L’union ne fait pas la force
Au Canada, u groupe aussi farfelu que la Coalition des fonctionnaires chauves amateurs de pêche à la truite pourrait exister, en raison du respect de la liberté d’association. À Cuba, ce droit est parfois bafoué. «Il n’existe pas de partis politiques indépendants viables, pas d’organisations indépendantes reconnues ni de syndicats indépendants, affirme Anne Sainte-Marie. Tout est mené par le parti unique au pouvoir, le Parti communiste cubain.» Alberto Alvarez en donne un exemple: «Lors d’un rassemblement de quartier, j’ai vu des personnes se faire frapper sur la tête avec des marteaux par la police pour s’être réunies, avoir organisé une manifestation et affirmé des idées qui n’étaient pas en faveur du gouvernement.»

Bien braves, donc, les groupes minoritaires qui osent faire entendre leur voix. Surtout les homosexuels. «Il existe deux problèmes majeurs, précise Roberto Jovel, membre du Réseau de soutien des droits des gais et des lesbiennes d’Amnistie internationale. Tout d’abord, il ne peut exister de groupes gais à Cuba. Par exemple, en 1994, des gens ont fondé une association de gais et lesbiennes. En 1997, il y a eu une répression sévère, ce qui a entraîné la fermeture de l’association. De plus, l’article 303 du code pénal prévoit des peines de trois mois à un an de prison pour les personnes qui expriment publiquement leur homosexualité. Donc, les autorités procèdent à des descentes arbitraires dans des lieux de rencontre, distribuent des amendes et font des arrestations.»

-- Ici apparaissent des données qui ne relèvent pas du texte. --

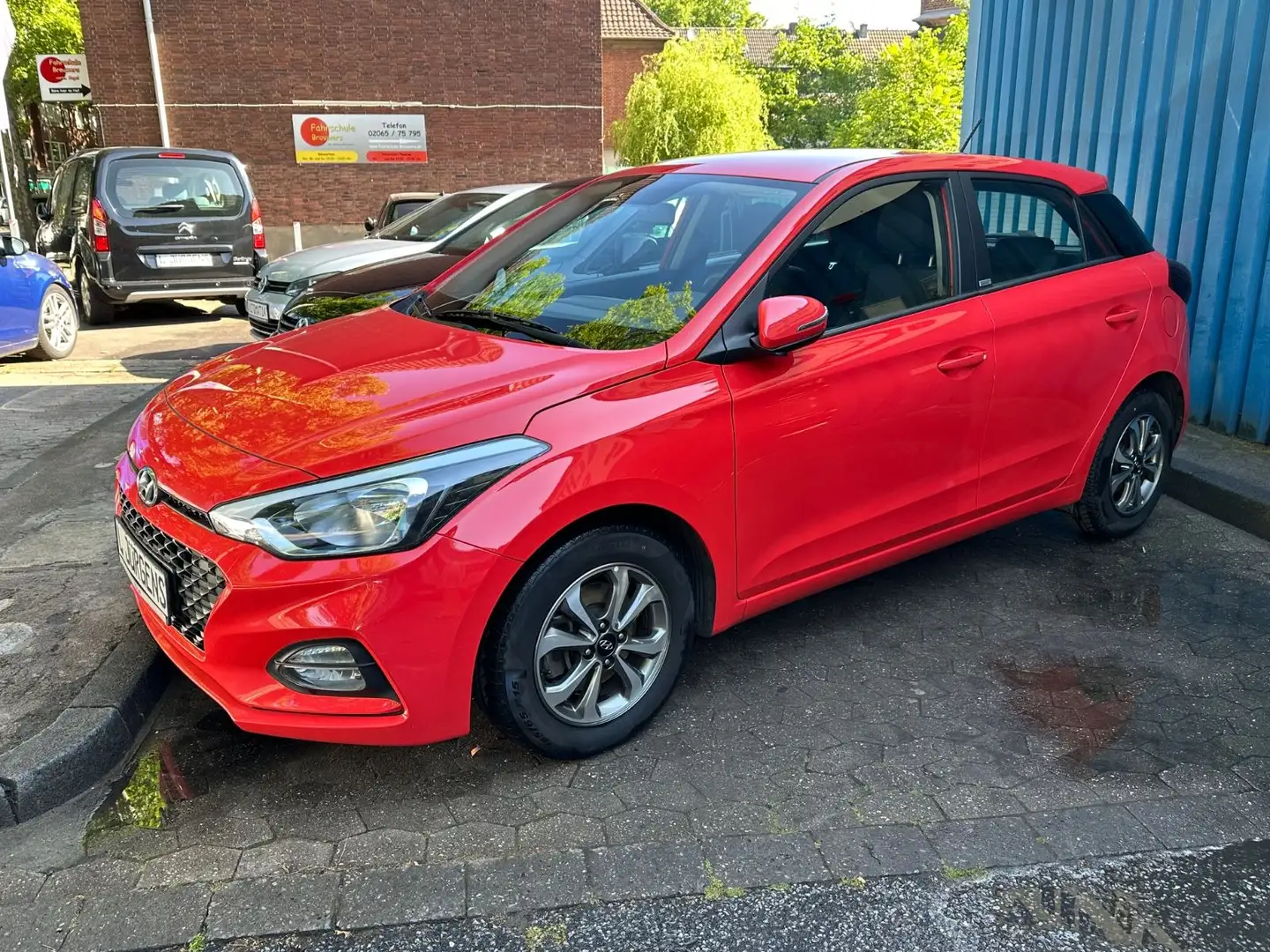 Hyundai i20 Trend Rot - 1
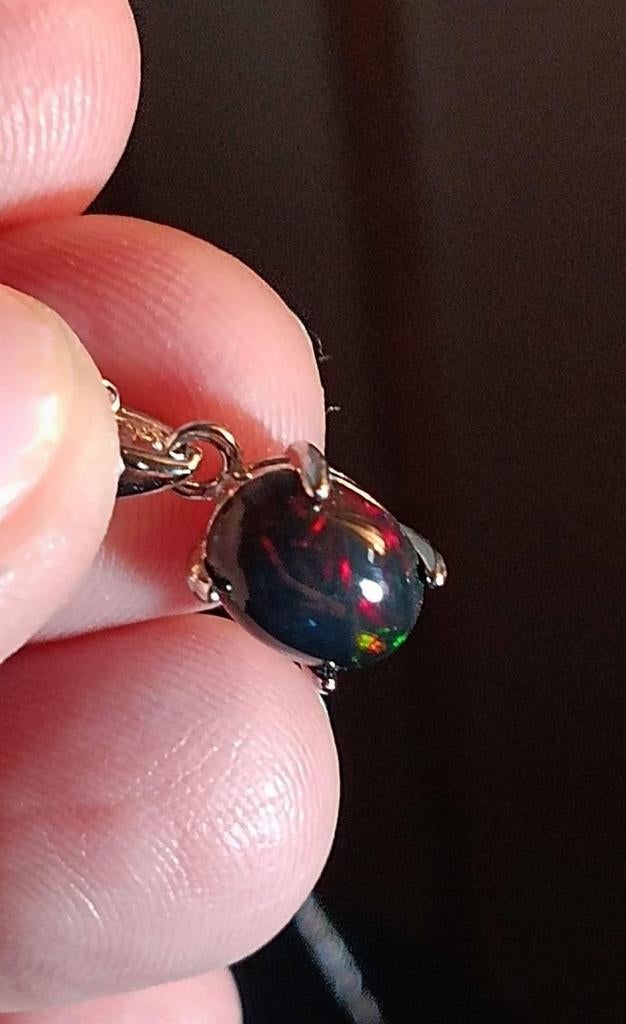 Pendentif en argent massif 925 avec belle opale noire, Neuf, Enlèvement, Avec pierre précieuse, Argent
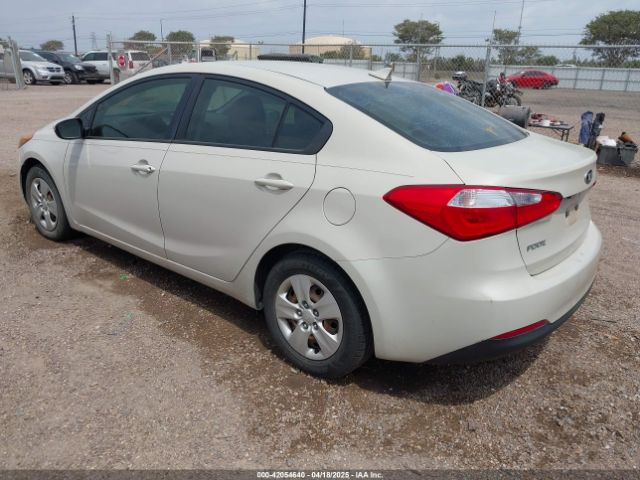 KNAFK4A66F5314811 KIA FORTE LX
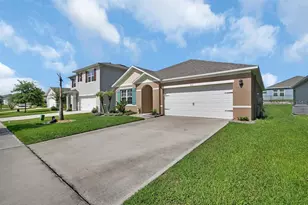 531 Emily Gln St, Deland, FL 32724 - Photo 5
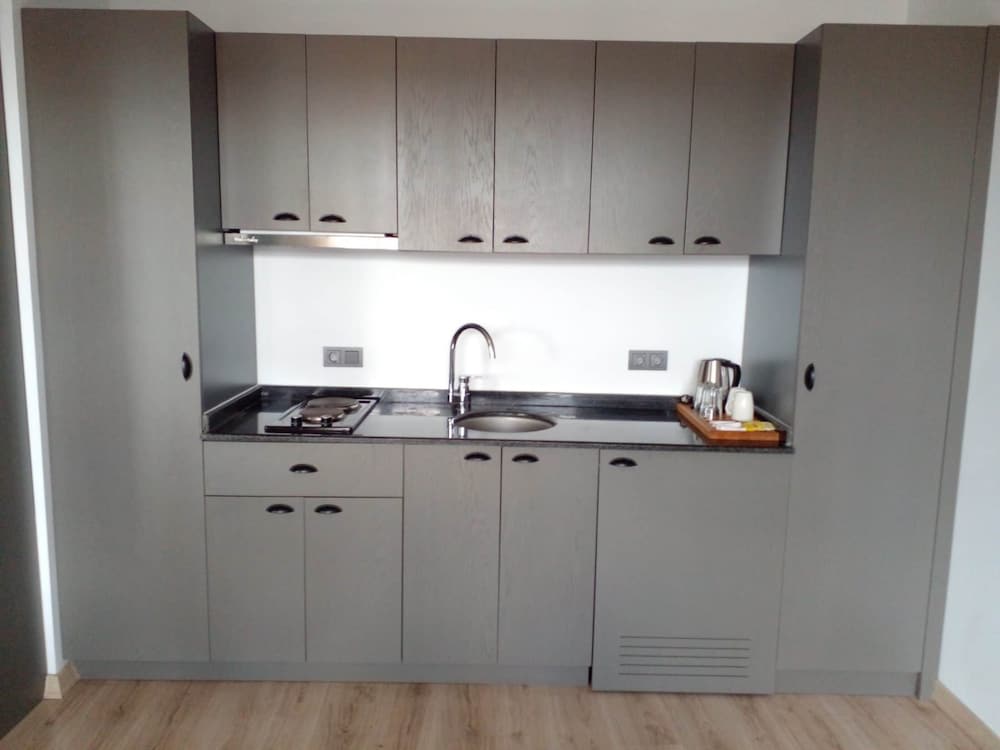 Lovely Flat with Sweet Balcony-ZAMBAK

Lorsque manifestants, homosexuels et journalistes font face à la machine judiciaire cubaine, ils sont confrontés à un engrenage qui contient beaucoup de grains de sable. «Le système judiciaire n’est pas indépendant, indique Anne Sainte-Marie. Il est donc partial à certains moments. Aussi, les autorités peuvent parfois forcer des gens à avouer des crimes qu’ils n’ont pas commis ou forger de toutes pièces un procès pour trafic de drogue afin de se débarrasser d’opposants politiques.» C’est sans compter le fait que Cuba, comme les Éats-Unis, possède dans son arsenal judiciaire la peine de mort. Selon Human Rights Watch, au moins douze personnes ont été exécutées en 1999 à Cuba.

Critique internationale
La communauté internationale ne manque pas de dénoncer les violations commises par Cuba. Dans une résolution adoptée le 18 avril dernier, la Commission des droits de l’homme des Nations unies s’est dite «préoccupée» par les infractions continues aux règles internationales concernant les droits de la personne, et demande au gouvernement cubain de coopérer avec elle en vue du respect de ces droits.

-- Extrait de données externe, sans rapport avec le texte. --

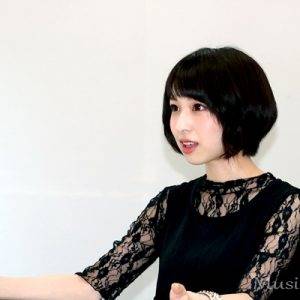 インタビュー 白黒の二面性抱える雪の天使 綾野ましろ 歌に残る幼少期の面影 音楽 インタビュー 白黒の二面性抱える雪の天使 綾野ましろ 歌に残る幼少期の面影 音楽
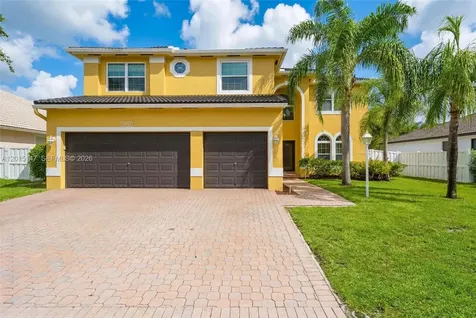 13845 NW 14th Street Pembroke Pines FL 33028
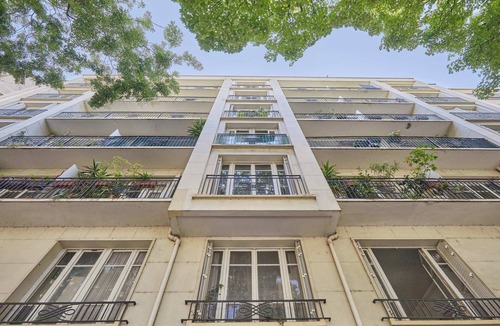 16th Arrondissement Apartment | Modern Suite Paris 16th District Seine riverbank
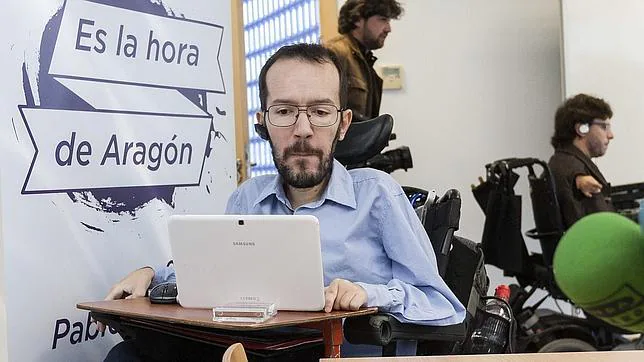 Pablo Echenique, investigador del CSIC, lidera la marca «Es la hora de Aragón» para Podemos en esta autonomía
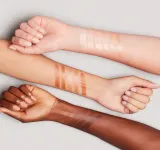 MAC Cosmetics Strobe Dewy Skin Tint - Увлажняющий тонизирующий крем, 30 мл, оттенок Light 2 — фото 4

Le 23 avril 1999, la Commission avait adopté une autre résolution réclamant du gouvernement la libération de «toutes les personnes détenues ou emprisonnées pour avoir exprimé pacifiquement leurs opinions politiques, religieuses et sociales». Elle invitait aussi le gouvernement à «assurer le respect des droits de la personne et des libertés fondamentales». «Le problème, c’est que Cuba refuse généralement de collaborer, affirme Anne Sainte-Marie. Donc, les violations continuent à avoir lieu malgré les résolutions.»

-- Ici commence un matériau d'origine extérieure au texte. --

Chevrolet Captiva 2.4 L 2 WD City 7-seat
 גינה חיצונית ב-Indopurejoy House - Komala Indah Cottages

De son côté, Cuba se dit prêt à coopérer, mais dénonce ces résolutions. «Les principes internationaux sont toujours dirigés contre Cuba pour le compte des États-Unis», réplique Camilo Garcia, second secrétaire à l’ambassade de Cuba à Ottawa. «Cette réplique est constante, souligne Anne Sainte-Marie. Cuba croit que les Nations unies travaillent pour les États-Unis, alors qu’elles dénoncent sans relâche l’embargo américain contre l’île. Comment peut-on régler la question des droits de la personne devant une telle impasse?»